Re: Strange behaviour indexing remote site

From: Bill Moseley <moseley(at)>
Date: Mon Jun 06 2005 - 19:00:17 GMT
On Mon, Jun 06, 2005 at 11:37:02AM -0700, Thomas Nyman wrote:
> Hi
> I'm still struggling a bit with my remote indexing. I can index the  
> remote machine directory called arkiv but when I do a search using  
> that index I receive hits on the relevant documents but also on  
> something called index of arkiv.
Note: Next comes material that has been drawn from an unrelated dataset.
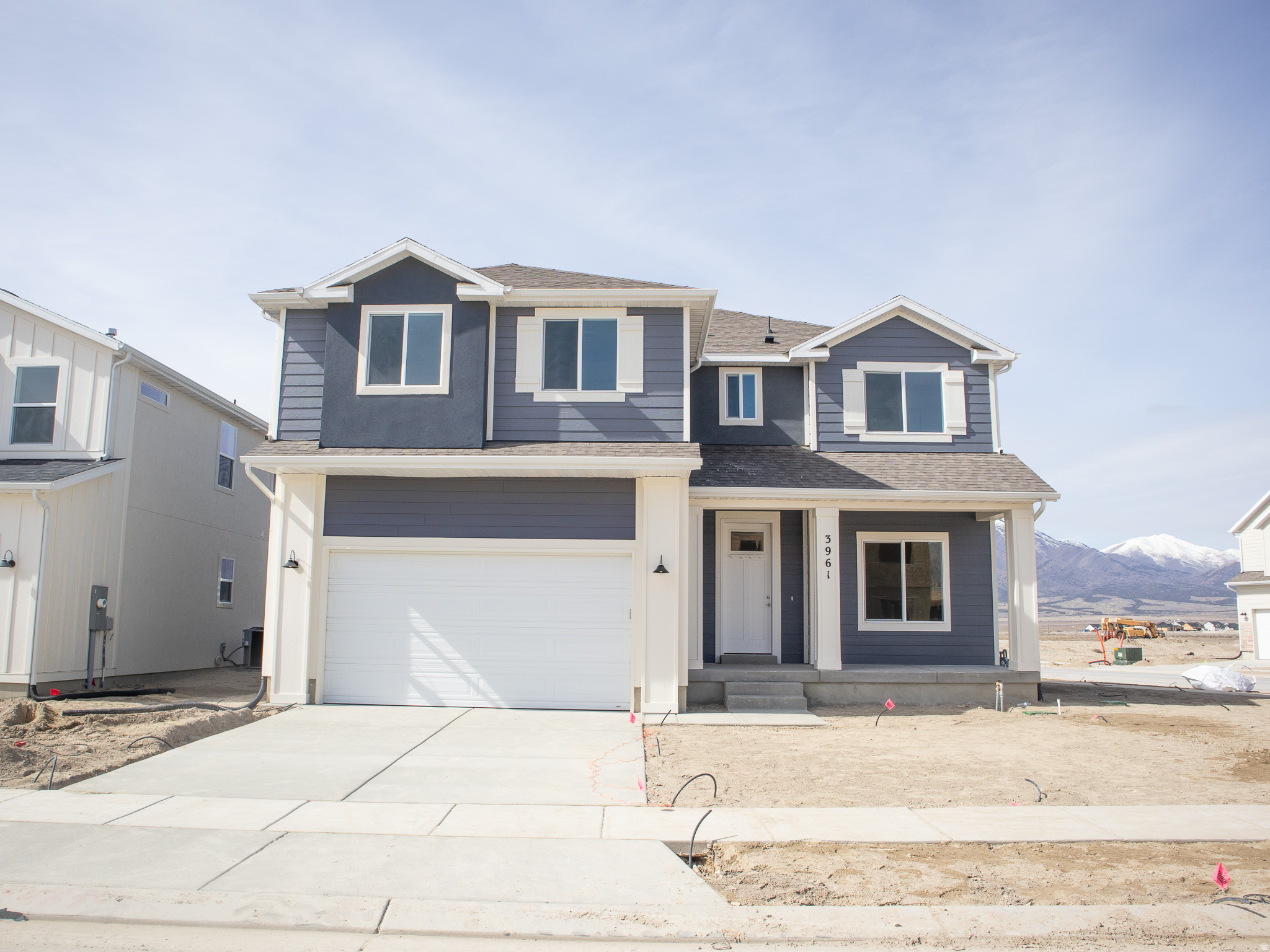 INTEREST RATES STARTING AS LOW AS 4.99% with our preferred lender or AMAZING $15,000 INCENTIVE TOWARDS CLOSING COSTS, RATE BUYDOWN, OR PRICE REDUCTION REGARDLESS OF LENDER! (Talk to agent for conditions). Must-see Harmony Community in Eagle Mountain! Move-in ready! This beautiful home built by Flagship Homes features 4 bedrooms + loft, 2.5 bathrooms, quartz slab countertops, painted cabinets, laminate flooring on the main level, an extended front porch, landscaped front yard and 2 car garage. The backyard can be landscaped for an additional charge. The primary bedroom has a vaulted ceiling, large walk-in closet, and dual sinks with a separate tub/shower. With an unfinished basement, this home provides space for storage and room to grow. (If preferred, basement can be finished for an additional charge.) 1GB fiber optic internet included in the HOA dues. Call for more information or stop by our model home at 656 E. Nathan Street, Eagle Mountain for a tour. Model home hours: Monday-Saturday 11 AM - 6 PM. Buyers to verify all information. Square footage is from house plans.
What that is I dont know.

Did you look at this?


Those are all links on the /arkiv/ page.

> Parsing of undecoded UTF-8 will give garbage when decoding entities  

That's from HTML::Parser.  I'm not really clear what it means -- or
how to fix.  The spider, IIRC, use LWP which uses HTML::Parser to
extract out meta data from the <head> of the document.  That can be
disabled, I believe.

Here's that warning:

Parsing of undecoded UTF-8 will give garbage when decoding entities

    (W) The first chunk parsed appears to contain undecoded UTF-8 and one
    or more argspecs that decode entities are used for the callback

    The result of decoding will be a mix of encoded and decoded characters
    for any entities that expand to characters with code above 127.  This
    is not a good thing.

    The solution is to use the Encode::encode_utf8() on the data before
    feeding it to the $p->parse().  For $p->parse_file() pass a file that
    has been opened in ":utf8" mode.

    The parser can process raw undecoded UTF-8 sanely if the C<utf8_mode>
    is enabled or if the "attr", "@attr" or "dtext" argspecs is avoided.

The important thing is to see if you are really indexing what you need
to index.  Index a single file that causes that error using the -T
indexed_words feature and make sure everything is indexed.

Bill Moseley

Received on Mon Jun 6 12:00:18 2005